*** DATA TO EXAMINE Section Begins ***

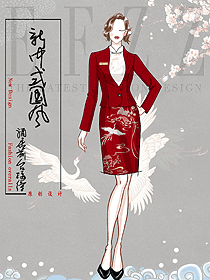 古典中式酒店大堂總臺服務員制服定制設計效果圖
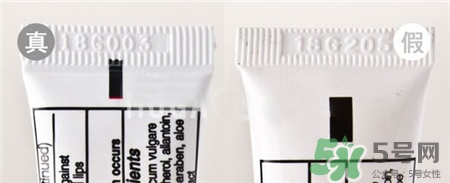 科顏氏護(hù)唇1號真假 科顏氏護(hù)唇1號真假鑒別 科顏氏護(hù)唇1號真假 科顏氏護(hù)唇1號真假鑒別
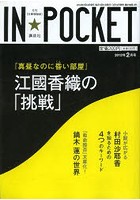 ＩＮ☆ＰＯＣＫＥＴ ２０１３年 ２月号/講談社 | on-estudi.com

*** DATA TO EXAMINE Section Ends ***
*** DATA TO EXAMINE Section Begins ***

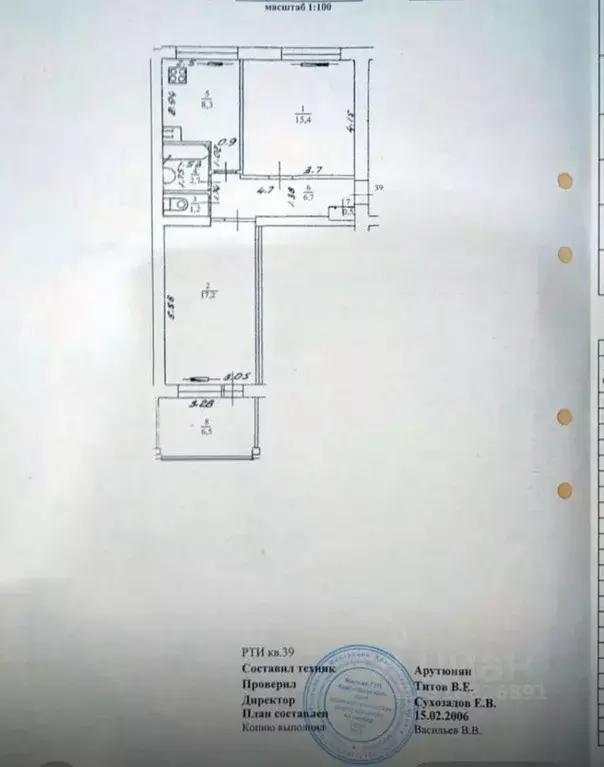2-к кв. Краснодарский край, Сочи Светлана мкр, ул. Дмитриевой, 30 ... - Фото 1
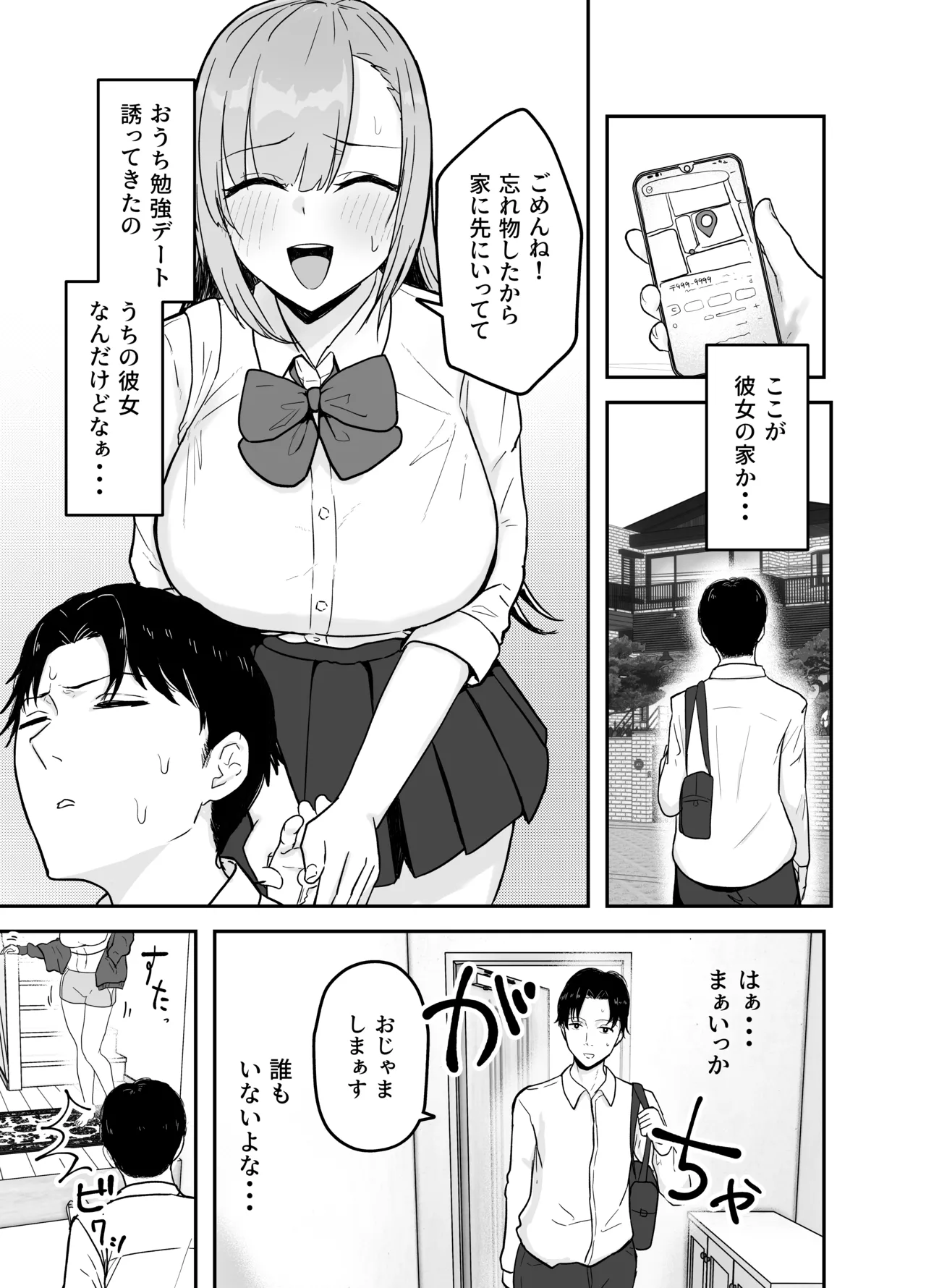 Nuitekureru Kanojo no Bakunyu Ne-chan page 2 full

*** DATA TO EXAMINE Section Ends ***
*** DATA TO EXAMINE Section Begins ***

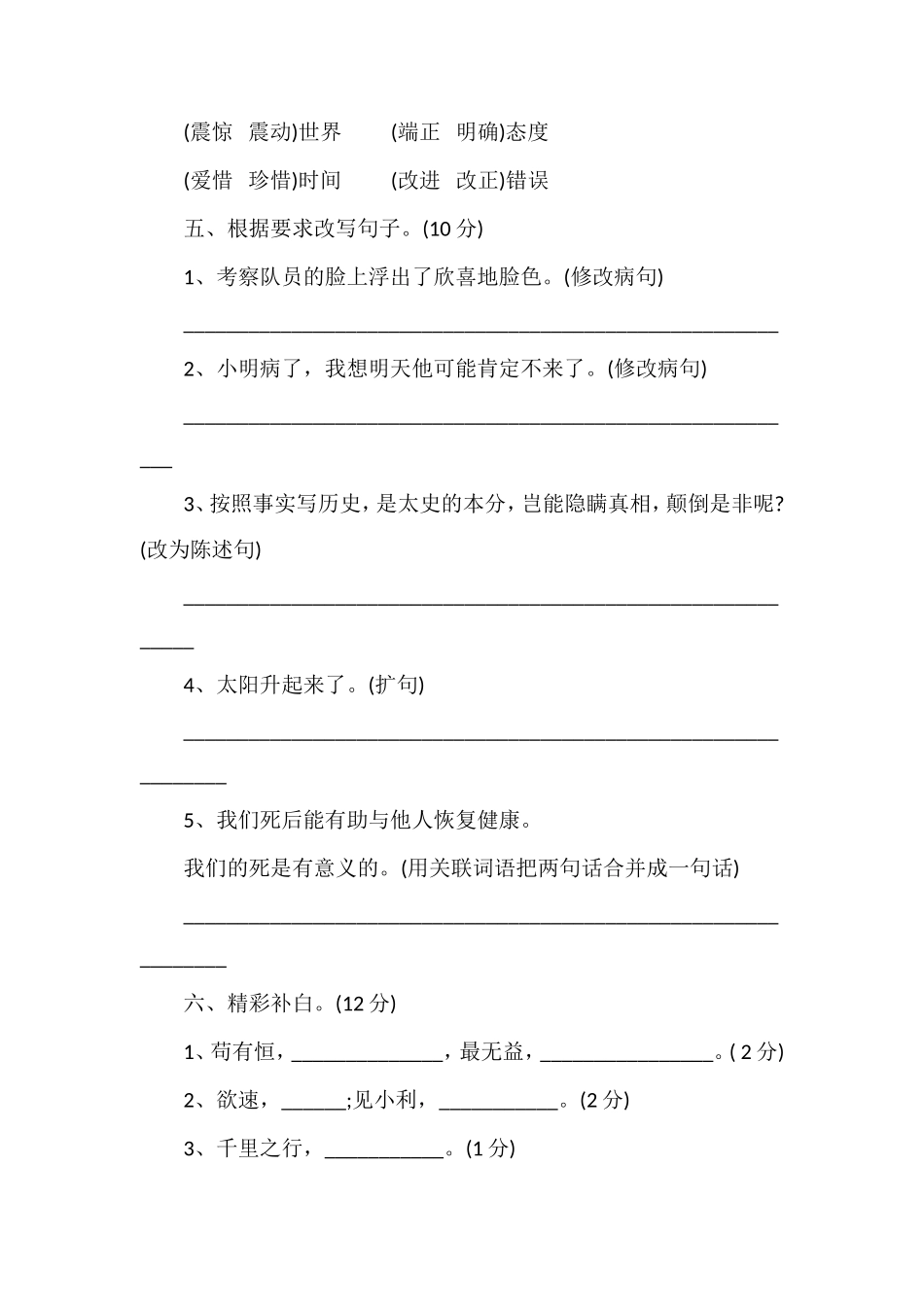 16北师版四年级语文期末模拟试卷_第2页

*** DATA TO EXAMINE Section Ends ***

■ **TASK ITEM**: Beginning at the line that has "2-к кв. Краснодарский" and ending at the line that has "Nuitekureru Kanojo no", restate the listing above word for word, pictures left out.

■ **ANSWER FOR THE TASK**:
2-к кв. Краснодарский край, Сочи Светлана мкр, ул. Дмитриевой, 30 ... - Фото 1
 Nuitekureru Kanojo no Bakunyu Ne-chan page 2 full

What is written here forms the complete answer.